== DATA
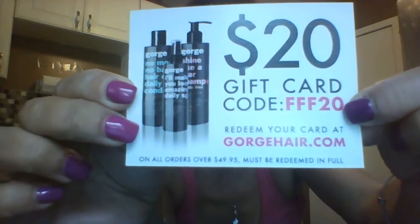It says June 2015 on the box. On the back it says five items this month, which is the usual — sometimes they put a bonus. It says 'gorgeous hair awaits — twenty dollar gift card code, redeem your card at gorgeoushair.com.' So here's a $20 gift card with the code. That's pretty cool, never heard of that brand before, but we'll see.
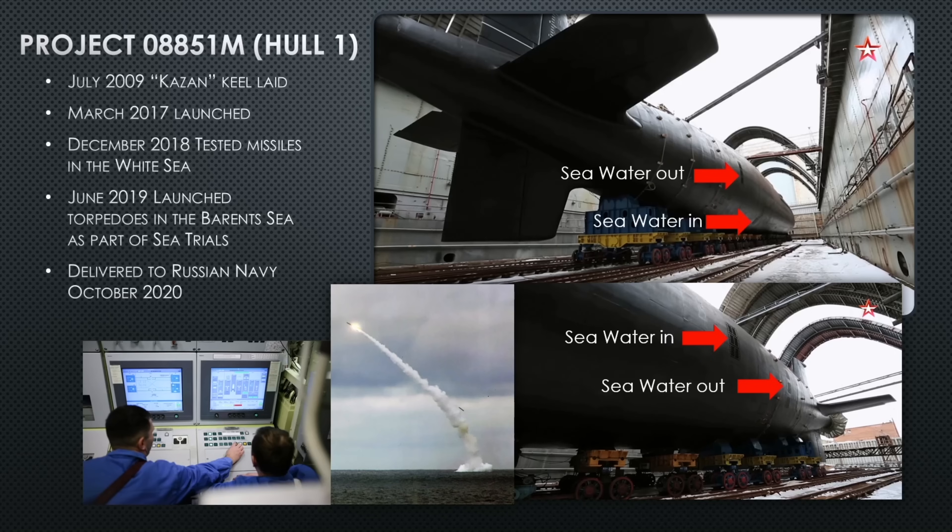Kazan is scheduled to be delivered to the Russian Navy by October 2020, though that could change if any systems fail. One notable change in the Yasen-M: the distinctive seawater scoop is gone — it's only on the Severodvinsk. On the Kazan and all subsequent hulls the intake is flush with the hull. You can see the seawater intake is always forward of the discharge point, and usually at a different height, so the submarine isn't recycling its own used cooling water.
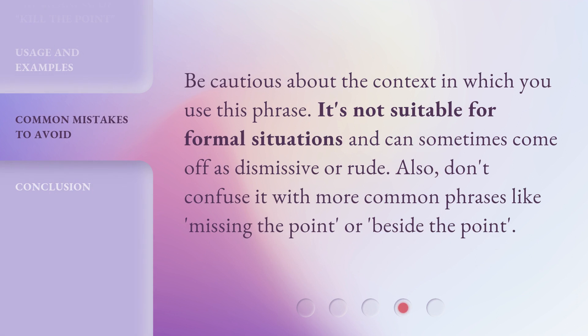Be cautious about the context in which you use this phrase. It's not suitable for formal situations and can sometimes come off as dismissive or rude. Also, don't confuse it with more common phrases like 'missing the point' or 'beside the point.'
====
Exact reproduction is required for the lines from the one containing "Kazan is scheduled" through the end of the material, and for those lines only, without pictures.

TASK RESULT
Kazan is scheduled to be delivered to the Russian Navy by October 2020, though that could change if any systems fail. One notable change in the Yasen-M: the distinctive seawater scoop is gone — it's only on the Severodvinsk. On the Kazan and all subsequent hulls the intake is flush with the hull. You can see the seawater intake is always forward of the discharge point, and usually at a different height, so the submarine isn't recycling its own used cooling water.
Be cautious about the context in which you use this phrase. It's not suitable for formal situations and can sometimes come off as dismissive or rude. Also, don't confuse it with more common phrases like 'missing the point' or 'beside the point.'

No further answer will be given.